Por José Manuel Cuadro

La nacionalidad chilena ha sido formada por un Estado que ha antecedido a ella”. La cita es más que conocida; corresponde al “Ensayo histórico” de Mario Góngora. Dicha tesis ha traído varias interpretaciones y análisis desde su publicación en 1981. Un primer esbozo lleva a entender que se refiere al Estado en cuanto aparato burocrático, al fisco, al estatismo. Sin embargo, el mismo Góngora se esmeró en desarrollar la idea de Estado como una unidad espiritual y una fisionomía de existencia histórica, que en el fondo refiere al Estado como la tradición institucional que moldea la unidad nacional y, por consiguiente, los consensos sociales.

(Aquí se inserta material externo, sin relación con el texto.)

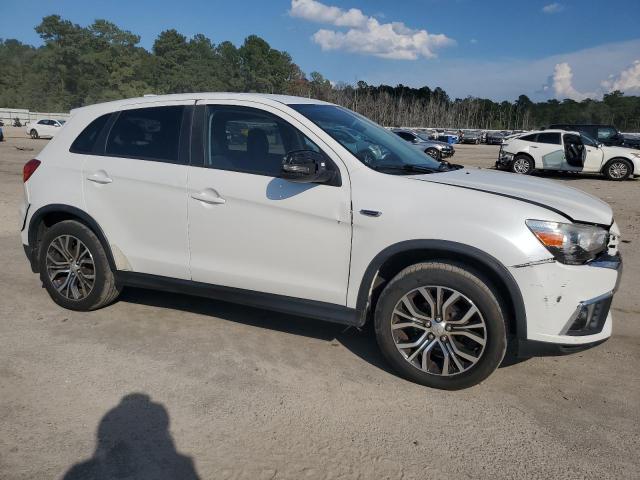 JA4AP3AU0JU024077 - 2018 MITSUBISHI OUTLANDER SPORT ES Білий фото 4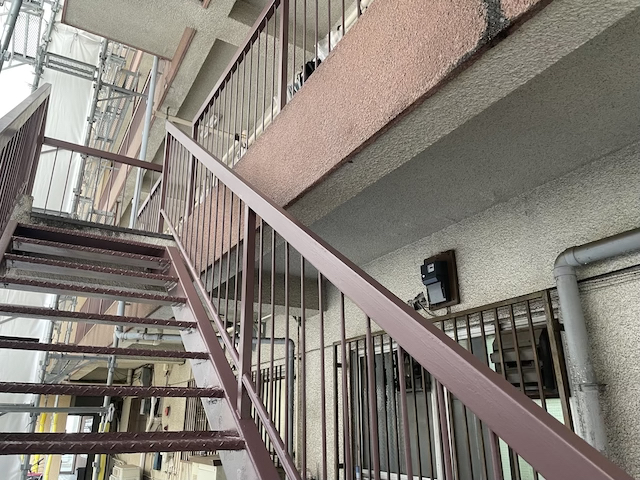 川口　鉄骨階段塗装工事　上塗り完成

Un Estado fuerte, que sirva como unidad espiritual de la nación, conlleva inexorablemente el fortalecimiento del tejido asociativo. En suma, el Estado para hacer su “pega” necesita del empuje de su tiempo: de la respuesta que los hombres de su época le dan a las necesidades de su contexto; y las Constituciones de cada época son ejemplo de ello, sobre todo, los regímenes políticos que cada una configuró. En 1833 el texto organizó administraciones fuertes, y mientras los vecinos países se debatían entre caudillos y motines, en Chile se permitía el surgimiento de tres partidos políticos anclas de la tradición chilena: Liberal (1849); Conservador (1857) y Radical (1863). En línea con lo anterior, la Constitución de 1925 se esforzó por reforzar al Ejecutivo, frenando las mañosas interpretaciones de la élite parlamentaria y respondió con altura a los nuevos actores de la época: la burguesía y la mesocracia. Así, por consecuencia, permitió ciclos políticos de alianzas partidistas que fortalecieron el aparato estatal, ampliaron su alcance y demostraron la fuerte asociatividad presente en el ethos de la nación.

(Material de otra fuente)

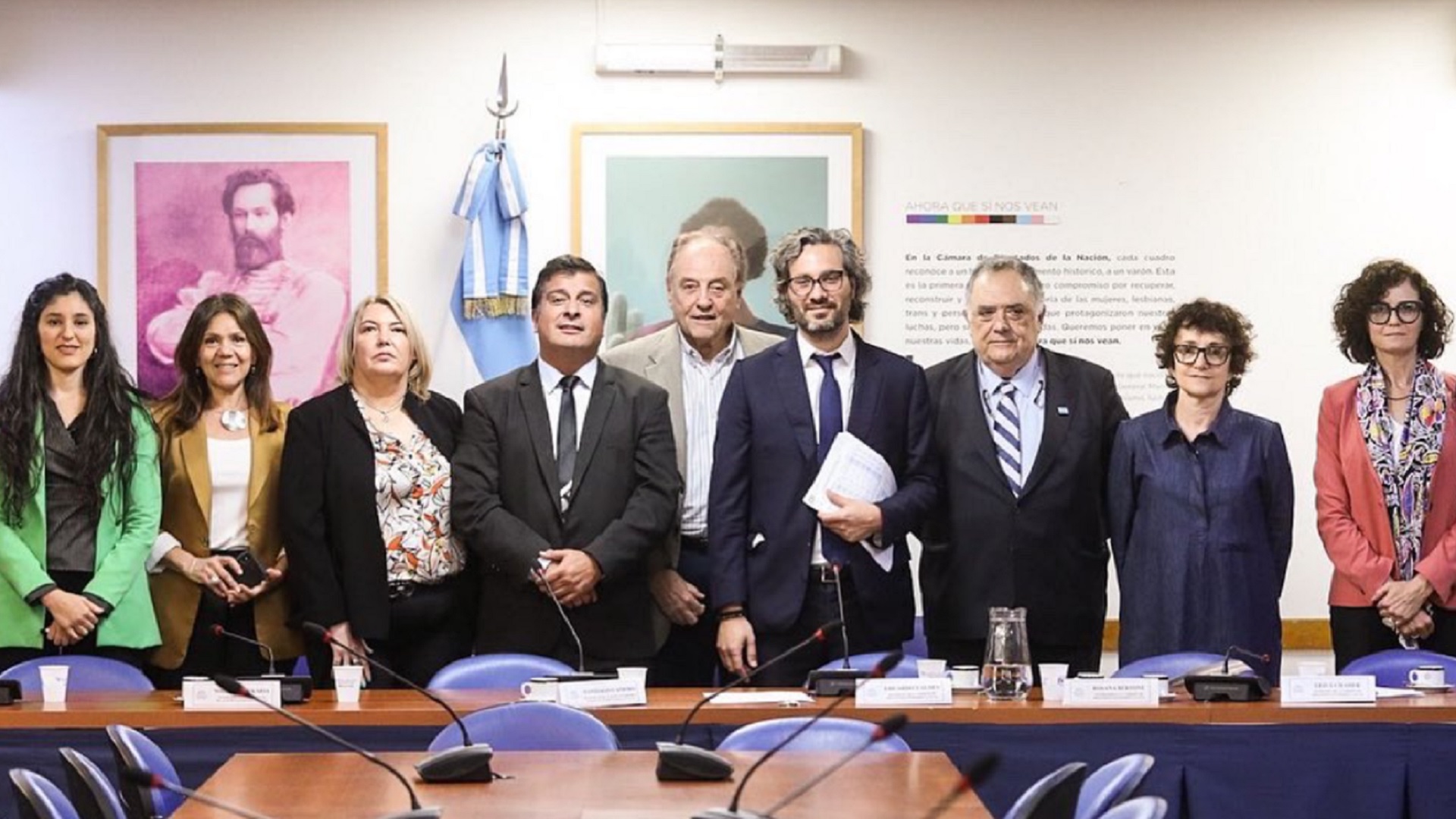 La reunión duró cerca de tres horas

Así, llegamos a 1980 con una Constitución que si bien elevó la libertad económica como base de la política, potenció el presidencialismo y permitió la asociatividad de las tradiciones políticas y partidarias presentes en Chile, acompañando su acción política con distintos instrumentos que fomentaban los acuerdos supra mayoritarios. Dichos partidos, nuevamente -lejanos al caudillismo y profundamente institucionales-, desenvolvieron un papel esencial en la modernización capitalista de las últimas décadas. Pero eso, fruto de su propio éxito, se estancó. Desde las últimas dos legislaturas la tradición partidista chilena se ha desdibujado, cayendo en personalismos, maquinarias electorales, aparatos transaccionales, desprovistas de mayor sentido y horizonte.

Si bien, en las últimas horas se ha hablado hasta el hartazgo de que la “cuestión constitucional” está cerrada, el Estado y su fisionomía no pueden seguir eludiendo a la pregunta por el régimen político que nuestro Chile actual demanda a gritos, es inviable cualquier cambio del tipo social o enriquecer el tejido nacional sin un régimen político fuerte, centralizador y en comunión con la tradición institucional del país. De esta manera, su norte debe conducir, inexorablemente, a eliminar micro partidos que solo sirven como cajas pagadoras y tribunas para avivar fuegos internos de “líderes” con tintes de caudillos, y -lamentablemente-, de esos hay en izquierdas y derechas. Para seguir enriqueciendo la tradición nacional chilena no necesitamos otra Convención o Consejo, sino volver a los partidos fuertes, cohesionados, anclados en la nación y en la fisonomía espiritual de Chile. Proponerlo no es utópico, es historia.